There was an abundance of bulk Pinot Noir available prior to the 2020 harvest but some sources estimated the Sonoma Pinot Noir Crop could be down by 30 to 40 percent.

Buyers initially flocked to Santa Barbara looking for Pinot Noir and to areas in Anderson Valley because it’s thought that they weren’t affected by smoke.

Glenn Proctor with The Ciatti Company said Russian River Pinot Noir that was priced at $10 to 14 before the fire events but that he’s seeing deals at more than $20 per gallon, more in a range of $19 to $23.

“Basically the market was fat, and wineries went into 2020 skinny,” Proctor said. “They thought if the crop was a little lighter and they needed more, they could just go buy grapes, because we had a lot of fruit available.”

The bulk market for Pinot Noir is driven by a need for wines that are selling in retail, not necessarily on premise or in tasting room for $80 or $90 per bottle.  Some premium wineries may already have 2019 inventory in house, and or may be avoiding the 2020 vintage entirely. Some premium wineries have pivoted, putting their wines into retail channels but profit margins are thinner.

“We're still feeding the beast and the Beast right now is off premise,” Proctor said.  

“People are looking forward and wondering what their sales are going to be for the rest of the year and how the holidays are going to go,” Steve Fredericks with Turrentine Brokerage said. “For the bigger brands that are moderately priced at $20 on down – how many can afford a huge jump in price?”

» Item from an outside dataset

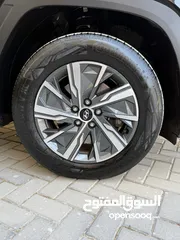  5 هونداي توسان ترخيص 2022 محرك 1600 هايبرد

Some 2020 Pinot Noir is being processed with an understanding that it could be rejected down the line if smoke damage is apparant once the wine is made.   

Smaller wineries that don't have broad retail distribution will be assessing whether they have enough finshed wine to carry them through and may adjust release schedules, streching inventory out accordingly, which will be interesting to watch. They probably won't be playing in the bulk market. Many are already sitting on wines after navigating two bumper harvests that were followed by the Covid-19 shutdown of restaraunt sales.